TASK TO CARRY OUT: Omit the pictures and output exactly the lines from the start of the entries through the line containing "The actuation system".

DATASET ENTRIES:
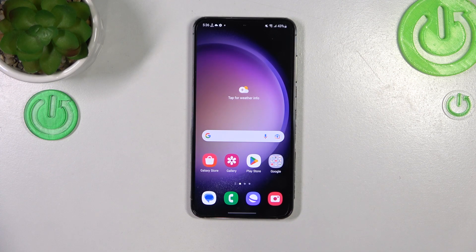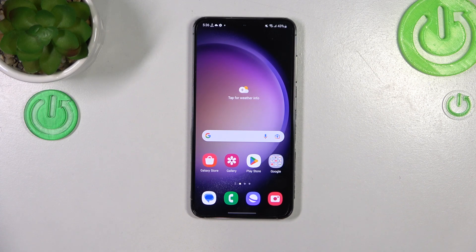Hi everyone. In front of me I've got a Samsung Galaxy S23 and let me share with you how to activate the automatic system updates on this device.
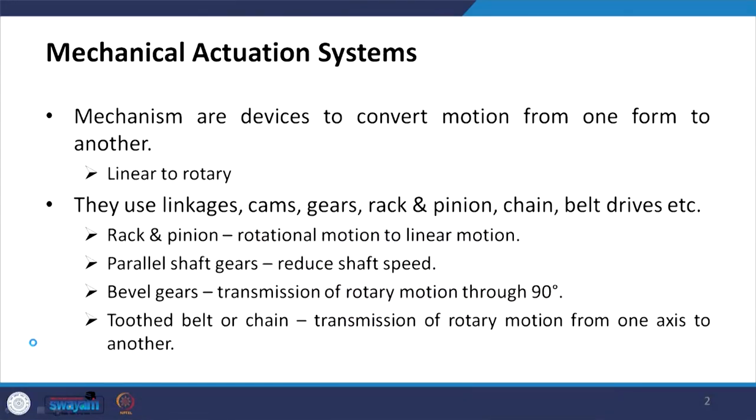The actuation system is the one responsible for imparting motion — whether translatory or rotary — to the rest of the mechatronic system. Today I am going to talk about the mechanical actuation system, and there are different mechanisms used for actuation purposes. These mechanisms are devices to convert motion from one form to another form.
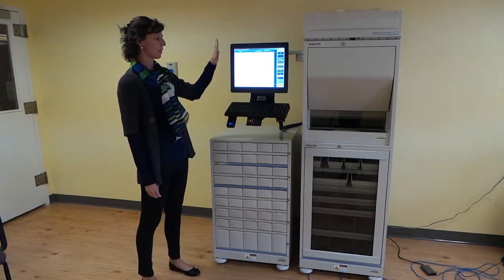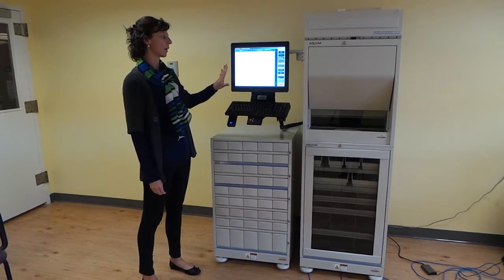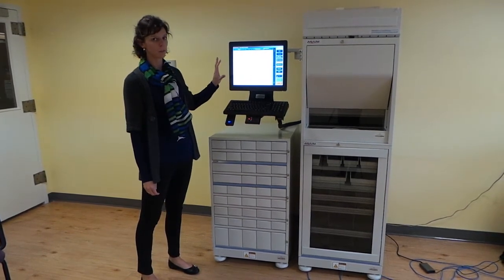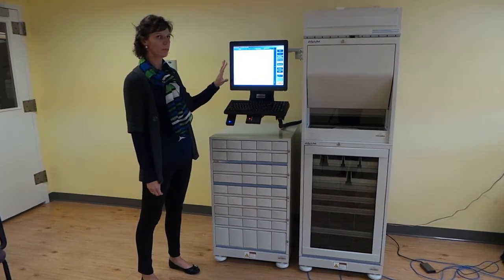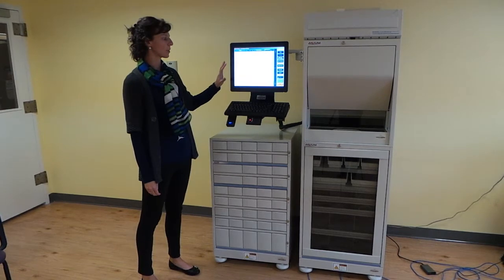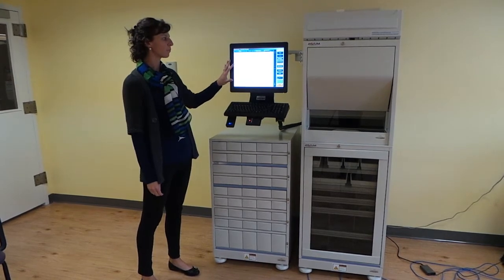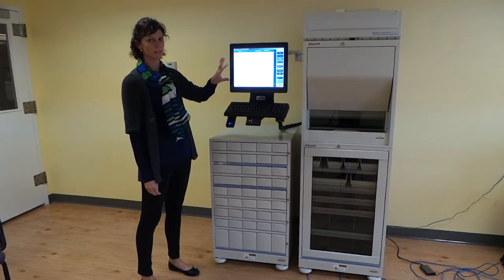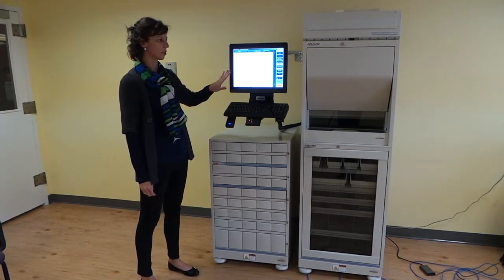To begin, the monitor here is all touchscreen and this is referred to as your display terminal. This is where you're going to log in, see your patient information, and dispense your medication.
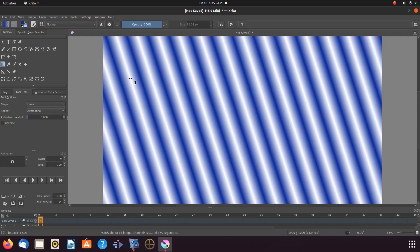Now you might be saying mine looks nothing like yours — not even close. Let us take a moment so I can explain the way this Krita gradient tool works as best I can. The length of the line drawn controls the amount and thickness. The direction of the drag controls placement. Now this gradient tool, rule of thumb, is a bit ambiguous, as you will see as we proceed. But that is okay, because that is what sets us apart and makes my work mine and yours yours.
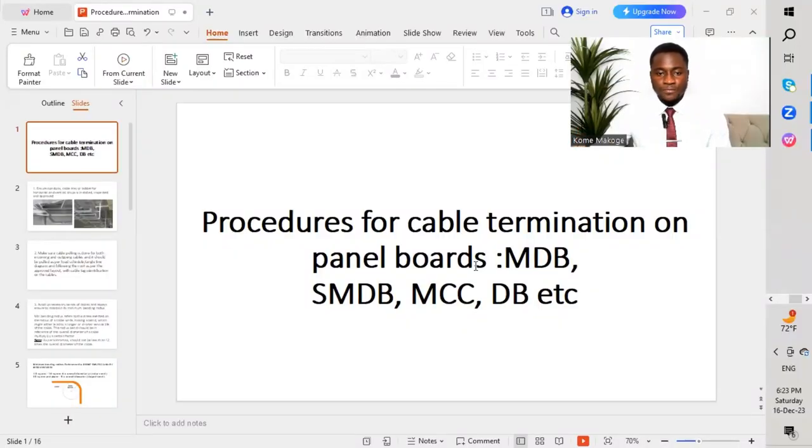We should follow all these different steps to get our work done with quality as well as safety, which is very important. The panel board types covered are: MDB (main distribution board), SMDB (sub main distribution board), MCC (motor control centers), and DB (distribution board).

ANSWER TO THIS TASK:
Hi everyone. In front of me I've got a Samsung Galaxy S23 and let me share with you how to activate the automatic system updates on this device.
The actuation system is the one responsible for imparting motion — whether translatory or rotary — to the rest of the mechatronic system. Today I am going to talk about the mechanical actuation system, and there are different mechanisms used for actuation purposes. These mechanisms are devices to convert motion from one form to another form.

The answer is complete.